* [Data in this exercise]:
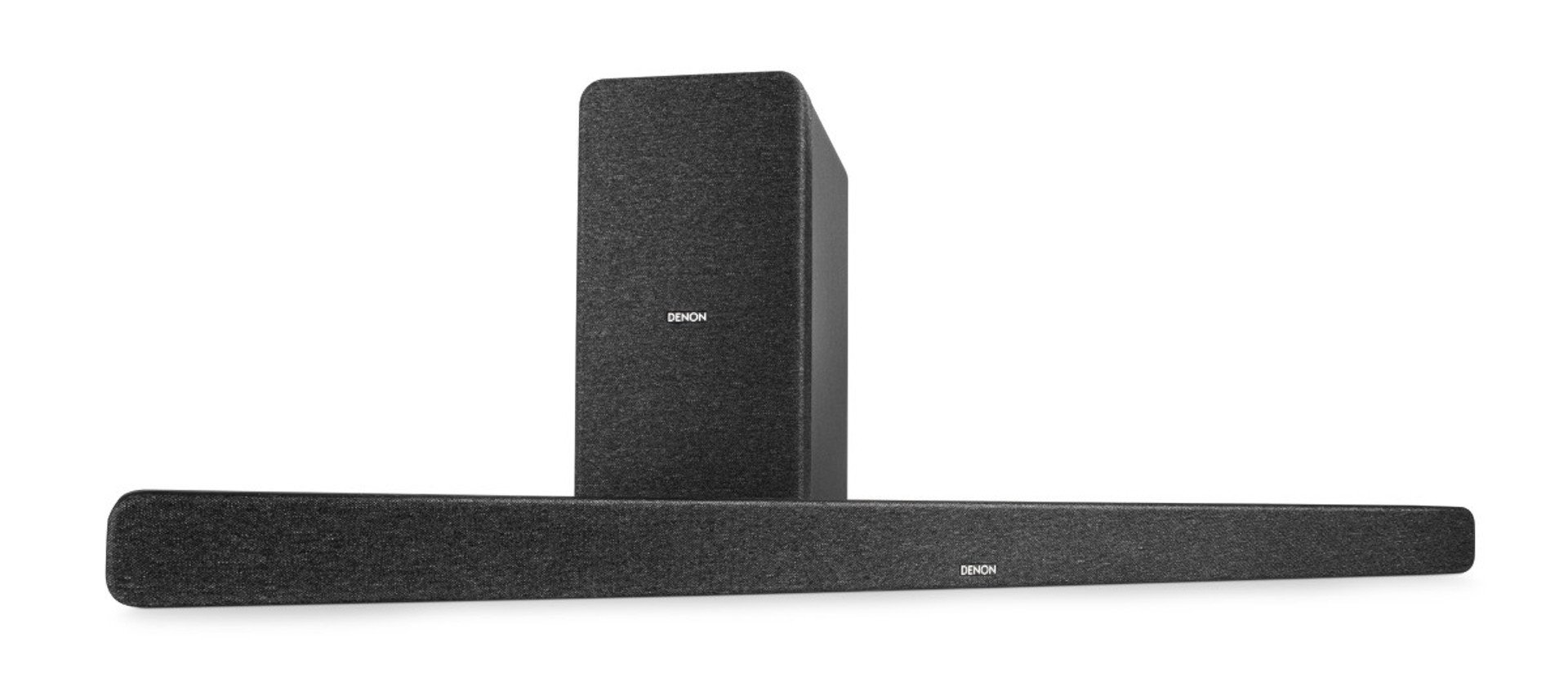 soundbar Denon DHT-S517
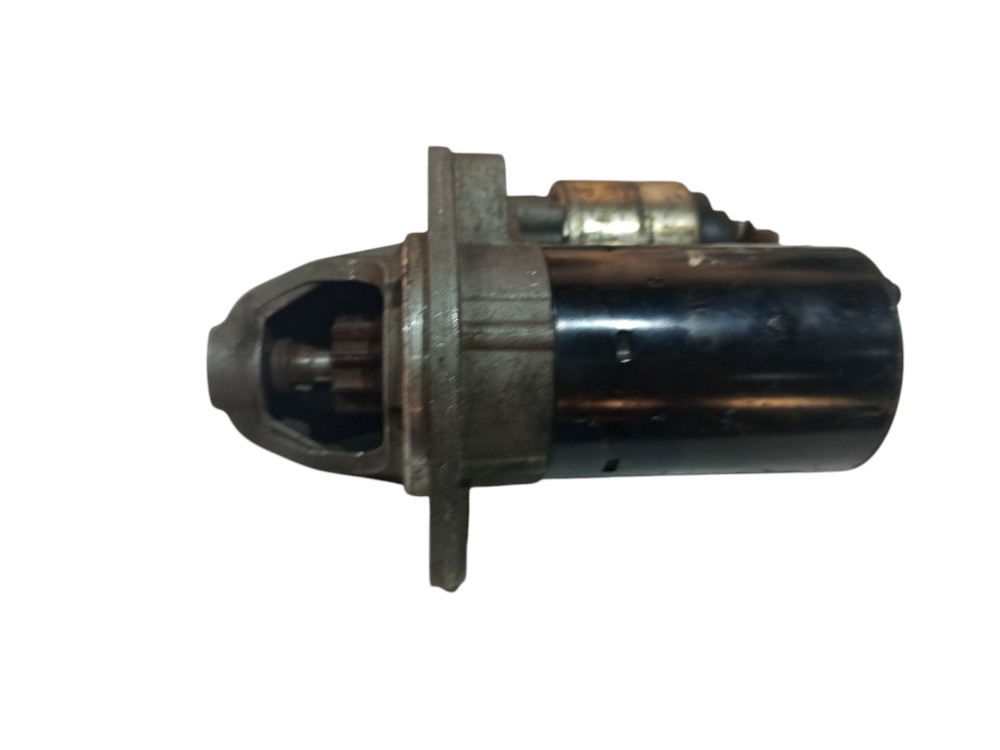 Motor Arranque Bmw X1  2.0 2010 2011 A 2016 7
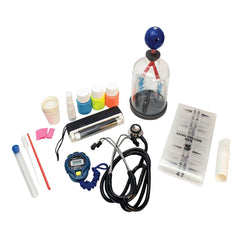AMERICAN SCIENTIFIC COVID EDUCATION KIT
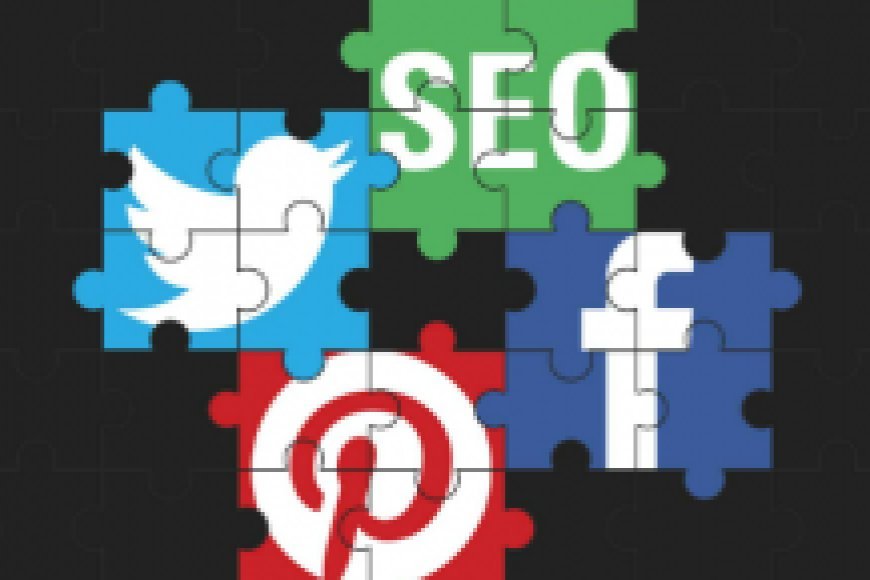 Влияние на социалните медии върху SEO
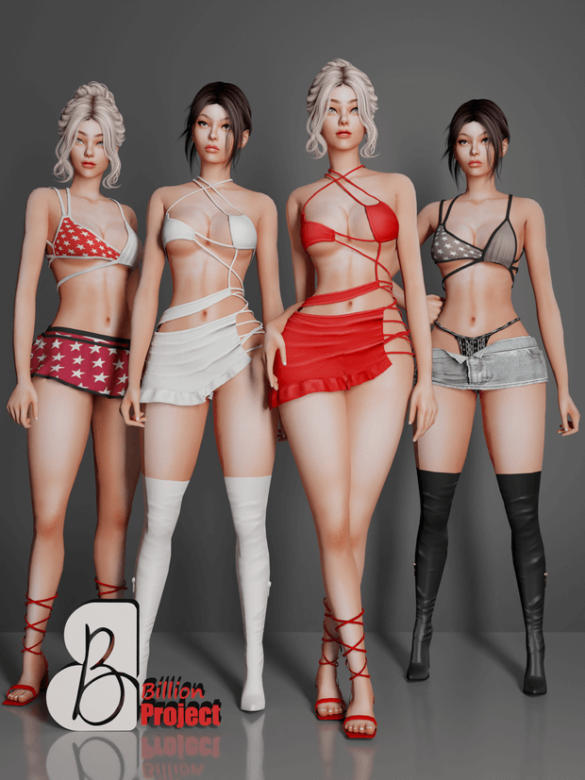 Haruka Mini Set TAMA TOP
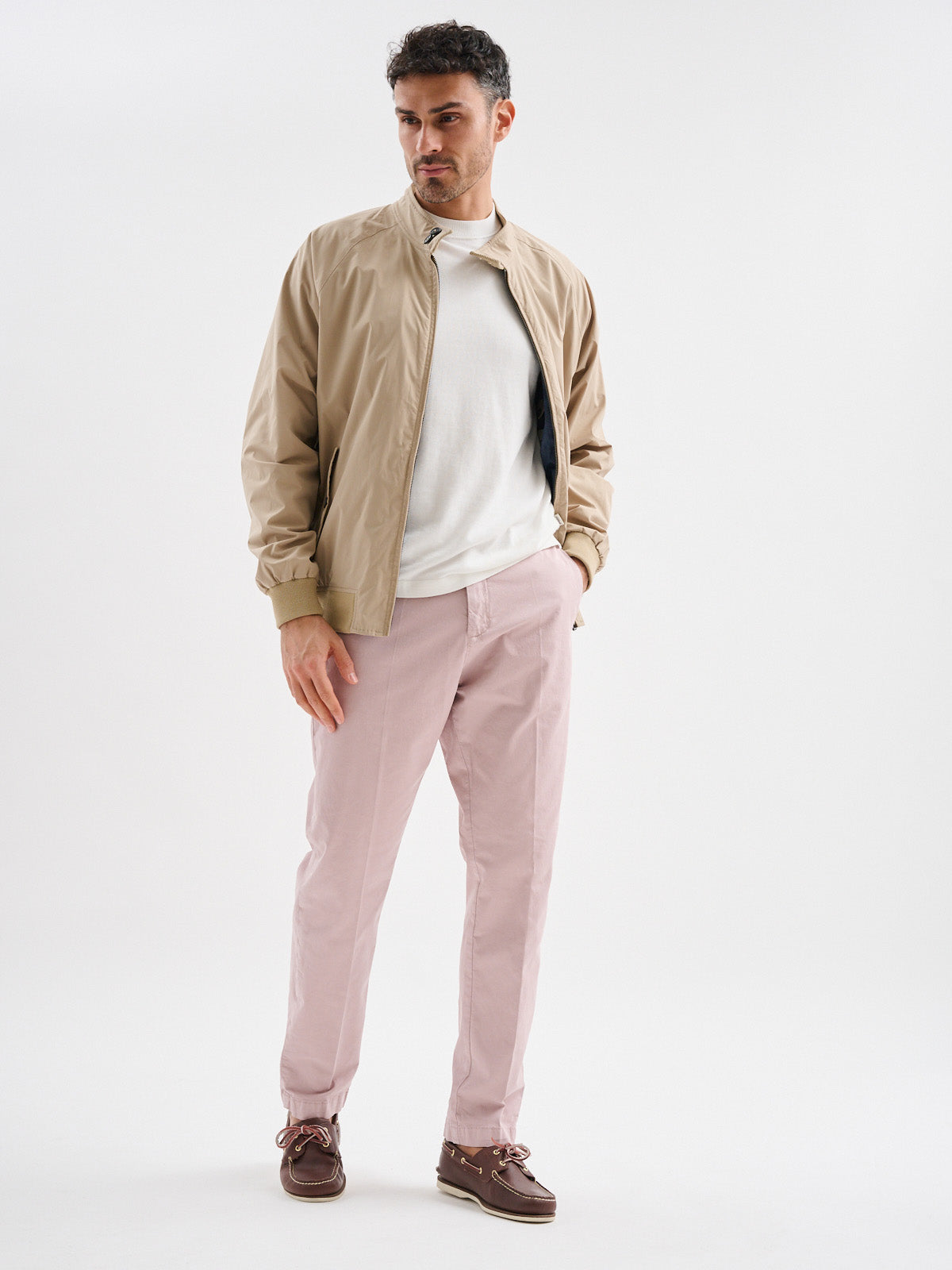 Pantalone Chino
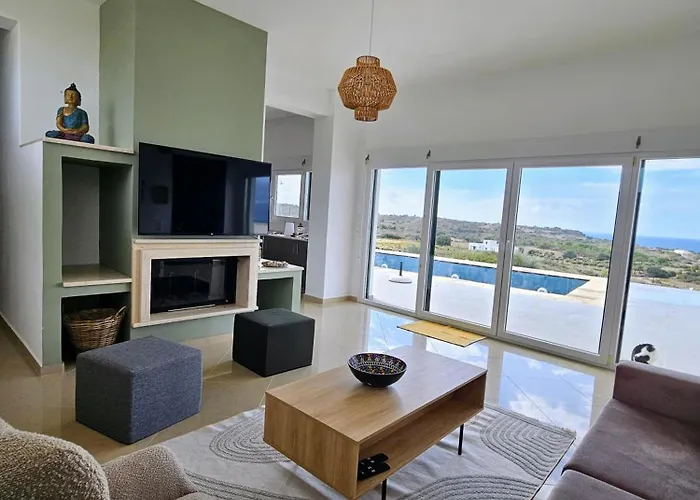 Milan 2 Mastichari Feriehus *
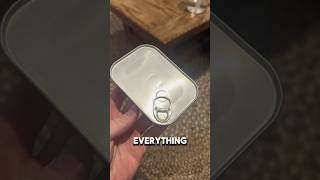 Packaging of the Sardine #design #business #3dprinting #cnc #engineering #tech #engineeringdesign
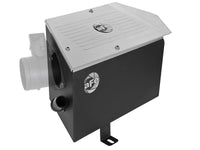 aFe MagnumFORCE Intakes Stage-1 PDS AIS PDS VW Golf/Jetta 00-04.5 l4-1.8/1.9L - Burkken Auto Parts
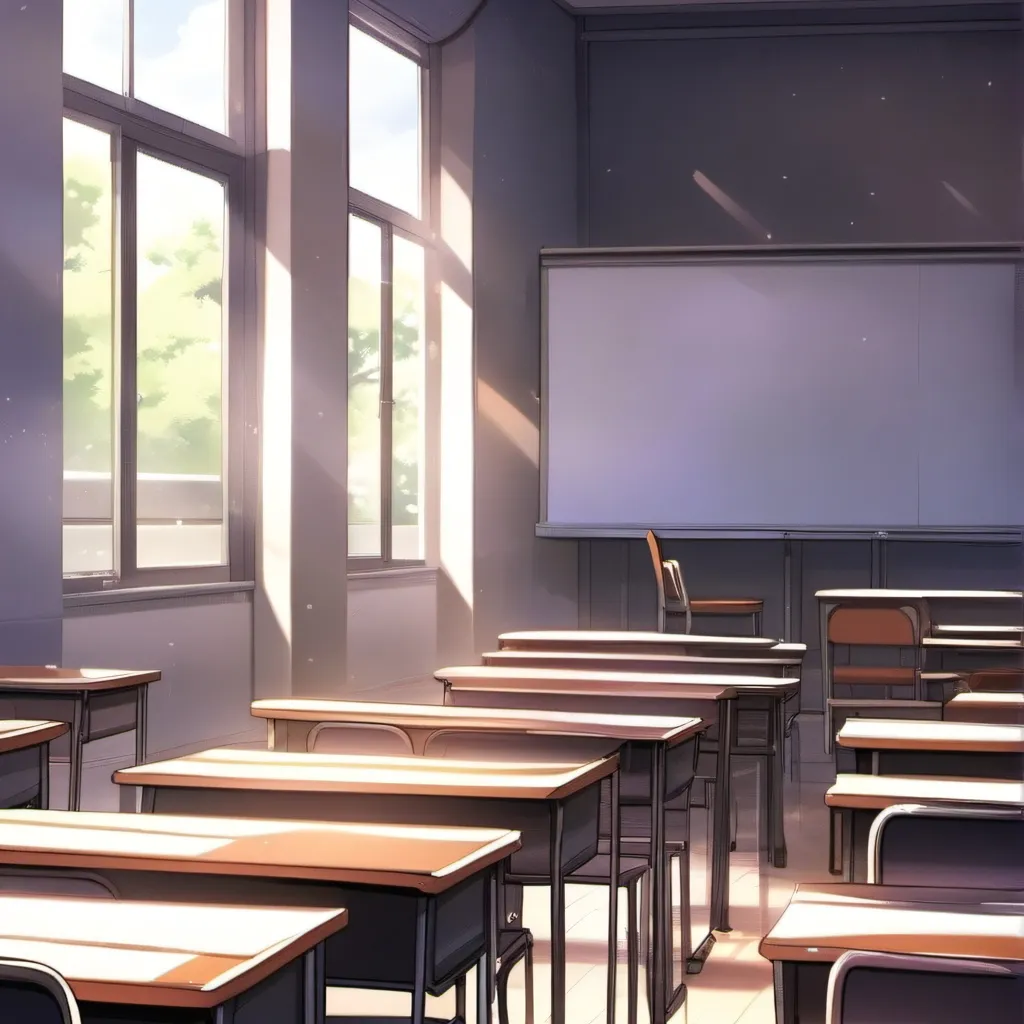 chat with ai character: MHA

* [Your task]: Only the pictures should be left out; write out everything else in the records exactly.

* [Your solution]:
 soundbar Denon DHT-S517
 Motor Arranque Bmw X1  2.0 2010 2011 A 2016 7
AMERICAN SCIENTIFIC COVID EDUCATION KIT
 Влияние на социалните медии върху SEO
 Haruka Mini Set TAMA TOP
 Pantalone Chino
 Milan 2 Mastichari Feriehus *
 Packaging of the Sardine #design #business #3dprinting #cnc #engineering #tech #engineeringdesign
 aFe MagnumFORCE Intakes Stage-1 PDS AIS PDS VW Golf/Jetta 00-04.5 l4-1.8/1.9L - Burkken Auto Parts
 chat with ai character: MHA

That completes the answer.